Les auteurs de ces basses manœuvres devraient être jugés devant une cour internationale pour crime contre l’humanité. Qu’est-ce qu’on attend pour le faire ?

Alors que pendant les huit années précédant l’arrivée de Trump à la Maison Blanche, le président Obama avait petit à petit adouci les mesures coercitives, permettant à l’économie cubaine de mieux respirer, de mieux planifier à long terme — car un budget, ça se planifie dans le long terme —, alors qu’on percevait nettement l’effet bénéfique de ces nouvelles politiques de l’ère Obama, Trump, élu essentiellement sur le slogan « We will make America great again », ce qui annonçait une politique protectionniste, a saccagé sans ménagement le pont qu’avait tendu son prédécesseur, sans que personne ne s’y attende.

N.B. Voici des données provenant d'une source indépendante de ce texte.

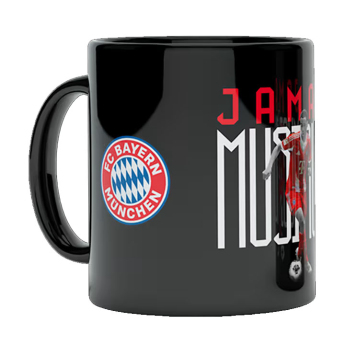 Bayern München šalica Player Musiala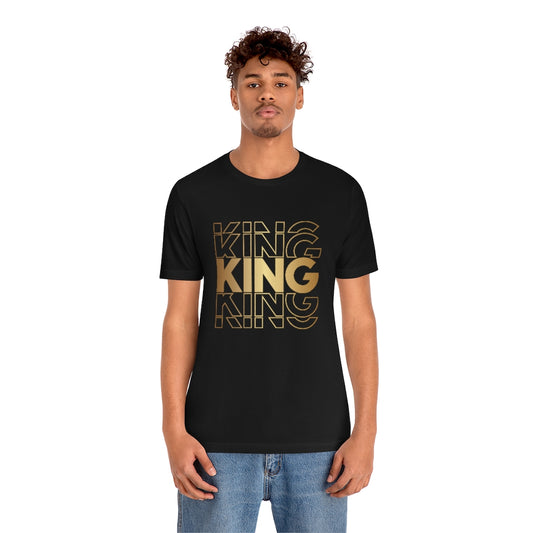 Men's King Tee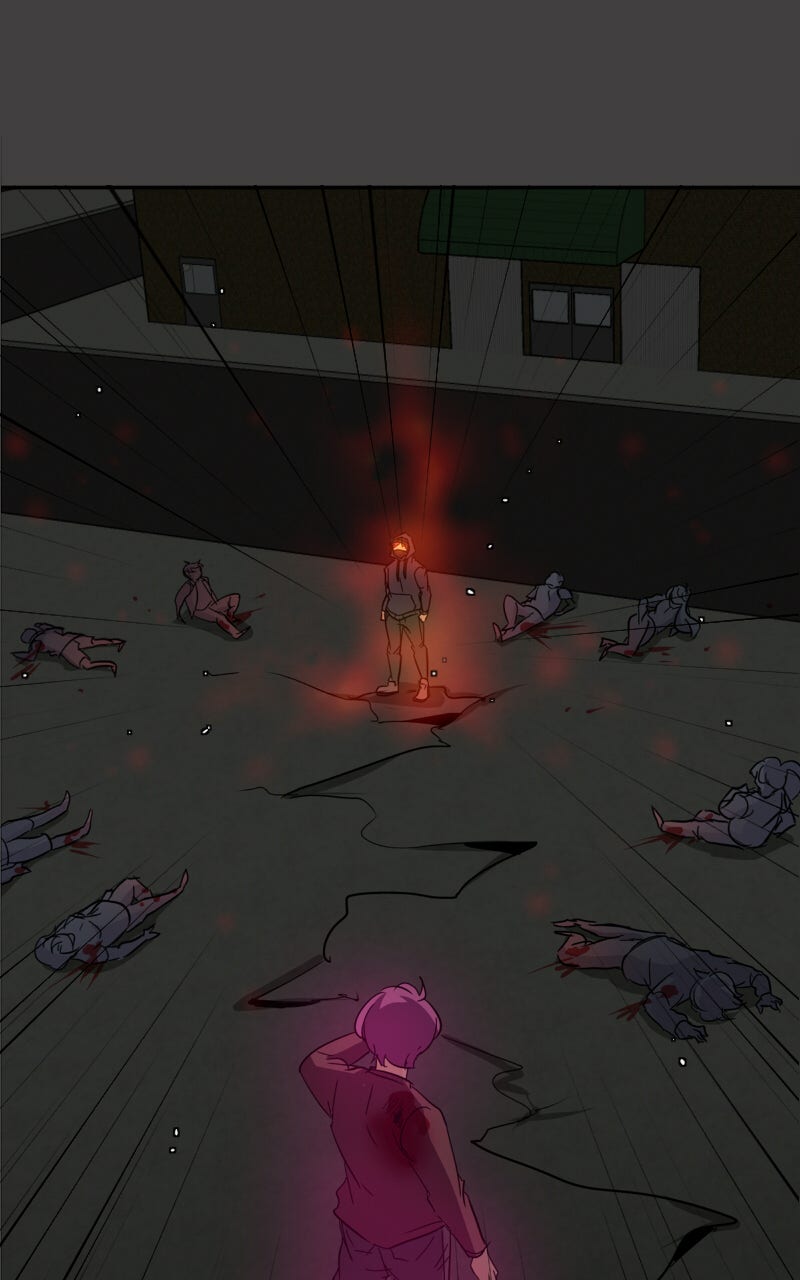 Read unOrdinary EN Manga Online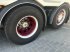 LKW des Typs DAF XF 460 FAN 6x2 + trailer, walking floor NL truck!, Gebrauchtmaschine in Erp (Bild 5)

Pourtant, les stratèges de la Maison Blanche devraient savoir que Cuba en a vu d’autres et qu’il a toujours rebondi, tels les boxeurs cubains souvent champions olympiques, sans perdre de vue la perspective de la victoire, en suivant les exemples de ses figures de proue et héros légendaires qu’on ne cesse jamais de vénérer ici. Ce saccage éhonté ne fait qu’occasionner encore plus de problèmes au niveau alimentaire et médical, mais ne réduit en rien le niveau de détermination à vaincre des Cubains et des Vénézuéliens. Trump n’a décidément rien compris.